Am Mittwoch, dem 27.10.2021 um 18:02 +0100 schrieb Jonathan Hoyland:
> Hi Ruslan,
> 
> Without digging into the guts of GSS-API and SCRAM I can't give you a
> concrete attack, the issue is that all our assumptions about protocol
> security assume that different protocols use totally separate key
> material.
> For example if I have one protocol that signs arbitrary blobs and
> another that requires me to sign a challenge to prove I know a private
> key then even if they're both perfectly secure on their own they are
> totally broken in composition. 
> This separation of keys is one of the core reasons for the use of
> HKDFs, it lets us take some source randomness and use it to generate
> independent keys.
> 
> Designing a channel binding that explicitly suggests people use the
> same key material for different things is bad practice and poor
> protocol design.
> Pretty much every attack is on the table if you have multiple protocols
> using the same keys, message forgery, improper authentication, key
> leakage, etc.
> The reason for separation of keys is to simply rule out this entire
> class of vulnerability.

Sorry maybe I'm missing something but why would two unrelated protocols
have same key? The binding is derived from TLS session key, if two
unrelated TLS sessions are having the same key this is the problem by
itself, and binding material is not amplifying it, just falling to the
same problem bucket.
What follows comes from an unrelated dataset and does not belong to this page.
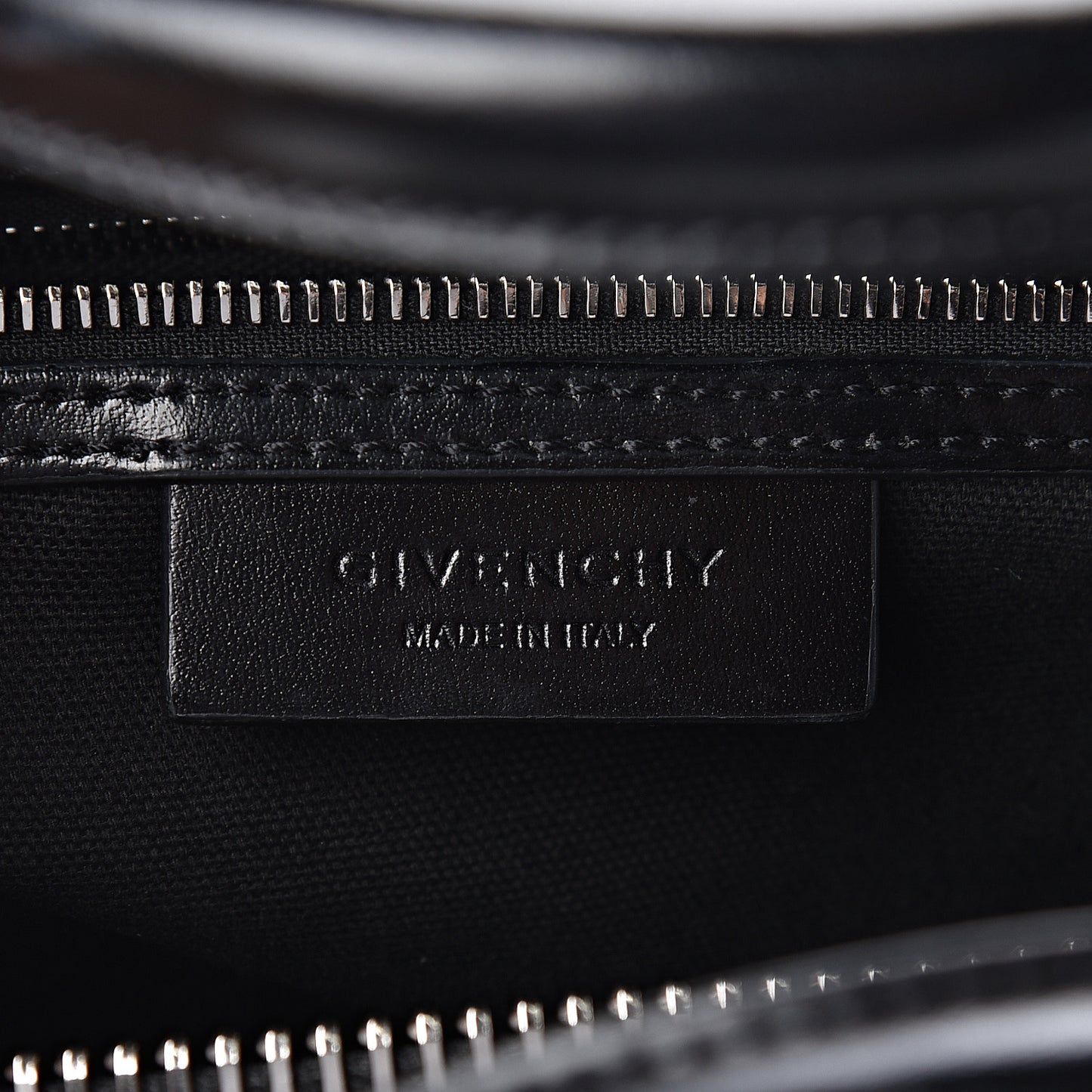 Shiny Lord Calfskin Medium Antigona Black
And if they are related (eg resumed) then protocol
muxing should perhaps be part of applicaiton stack and it should still
be happy with a common security context.

> If you don't separate the keys then whenever you make any change to any
> protocol you have to consider its security in composition with every
> other protocol, including ones that you don't know about or that
> haven't been written yet.
> 
> Using different labels for different purposes shouldn't require
> anything complicated, as it's just changing the input literals to the
> API call.
> 
There's a difference in telling TLS stack "give me binding of that
type" - which is pretty much high level abstract call, and asking TLS
to perform key derivation (export) for specific label - which requires
speaking native TLS implementation api. Now that we have a bunch of TLS
implementations and several abstractions and all other binding types
are independent of the higher protocol - it may be challenging changing
the API to make the binding retrieval context-specific. Not that it is
impossible to make such change, but why?